Als sie das gesagt hatte, wandte sie sich um und sah
Jesus dastehen, wusste aber nicht, dass es Jesus war. Jesus sagte zu
ihr: Frau, warum weinst du? Wen suchst du?
Sie meinte, es sei der
Gärtner, und sagte zu ihm: Herr, wenn du ihn weggebracht hast, sag mir,
wohin du ihn gelegt hast. Dann will ich ihn holen. Jesus sagte zu ihr:
Maria!
Da wandte sie sich ihm zu und sagte auf Hebräisch zu ihm:
Rabbuni!, das heißt: Meister.

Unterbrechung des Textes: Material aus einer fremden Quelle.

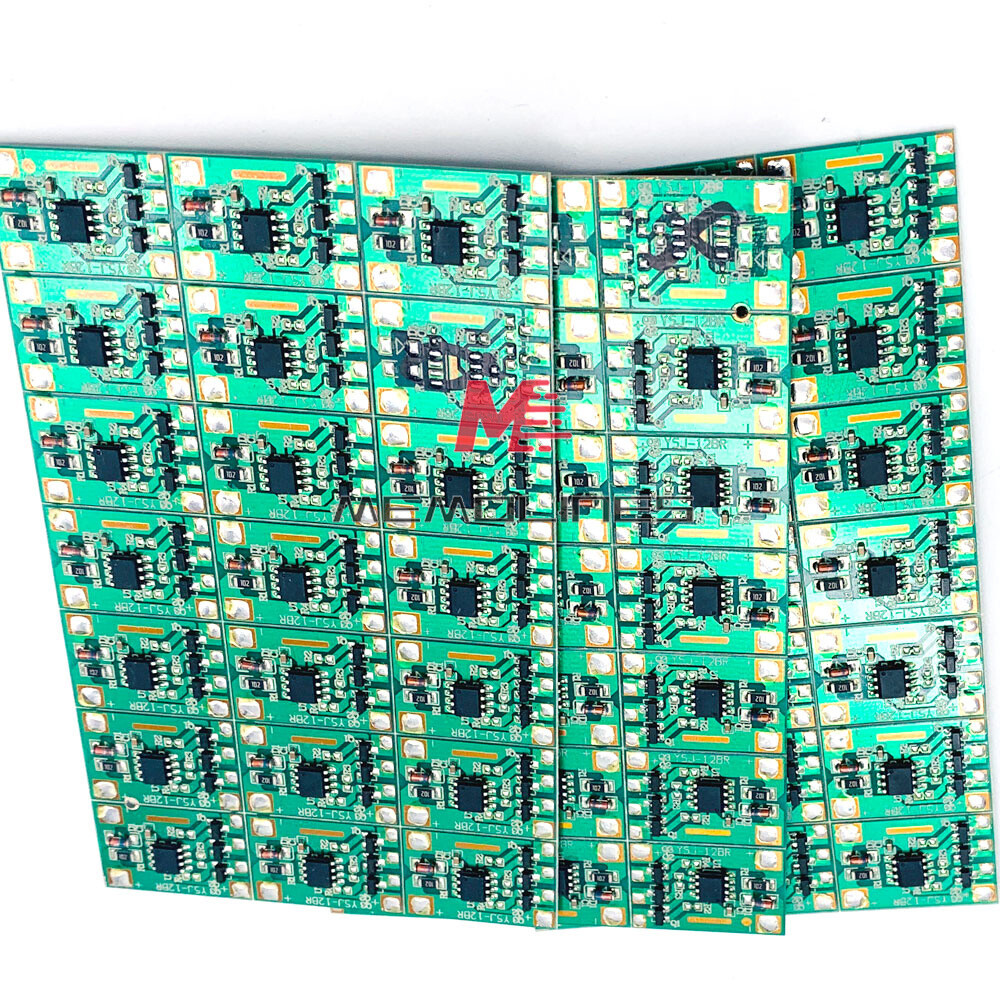 10PCS Light Controller Automatic Dimmer Breath Light Driver Module DC3-12V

Jesus sagte zu ihr: Halte mich nicht fest;
denn ich bin noch nicht zum Vater hinaufgegangen. Geh aber zu meinen
Brüdern, und sag ihnen: Ich gehe hinauf zu meinem Vater und zu eurem
Vater, zu meinem Gott und zu eurem Gott.
Maria von Magdala ging zu
den Jüngern und verkündete ihnen: Ich habe den Herrn gesehen. Und sie
richtete aus, was er ihr gesagt hatte.
Das unbegreifliche Geheimnis von Tod und Leben
Was
wir an Ostern feiern, geht über das menschliche Begreifen. Es ist so
unerhört und so unglaublich, dass selbst Maria Magdalena und die Jünger
nicht verstehen, was da geschieht. Noch lähmt sie die Erinnerung an Jesu
qualvollen Tod. Sie können es nicht fassen: Jesus, mit dem sie so lange
Zeit unterwegs waren, den sie verehrt und geliebt haben, dessen Worte
und Taten ihnen Hoffnung und Kraft gegeben haben, er soll tot sein?
Wenn
ich diese Sätze sage, denke ich an viele Begegnungen mit Menschen
unmittelbar nach dem Tod eines ihnen lieben Angehörigen. Kaum zu fassen,
dass der geliebte Mensch nicht mehr da sein soll, dass seine wohltuende
Nähe nicht mehr zu spüren ist und seine vertraute Stimme schweigt.
Und
es kommt mir so mancher schwere Gang an ein Grab in den Sinn, wie mit
zitternden Händen dem Sarg ein letzter Gruß unter Tränen folgte. Wie
schwer gingen mir da die Worte des Ritus am offenen Grab über die
Lippen: »Herr Jesus Christus, du hast drei Tage im Grab gelegen und
durch deine Auferstehung das Grab für uns zum Zeichen der Hoffnung
gemacht.«
Das Grab Jesu - Geburtsort des Lebens
Ich
spüre, wie wichtig in solchen Situationen der Glaube ist. Angehörige,
die angesichts des Todes eines ihnen lieben Menschen die Kraft des
christlichen Glaubens an die Auferstehung in sich tragen, sind für mich
Menschen wie Maria Magdalena, Bürgen der Wahrheit der Auferstehung. Sie
sind für mich Zeugen, dass durch den Tod nicht einfach alles aus ist,
sondern dass der Tod wie die Geburtsstunde einer neuen Wirklichkeit ist,
für die uns die Worte fehlen, in die hinein wir aber alle unterwegs
sind.
Petrus, Johannes und Maria Magdalena konnten das, was sie am
Grab Jesu erfahren haben, auch nicht in Worte fassen. Es war für sie wie
die innere Geburt des gläubigen Wissens: Der Herr lebt und ist
unterwegs zu Gott.
Das Grab Jesu wird zum Geburtsort des Glaubens an
die Auferstehung der Toten. Die Trauer der Jünger und Maria Magdalenas
verwandelt sich in Hoffnung und Zuversicht und wird zum fröhlichen
Osterjubel: Der Herr lebt bei Gott, unserem Vater, und auch wir werden leben, für immer! Halleluja!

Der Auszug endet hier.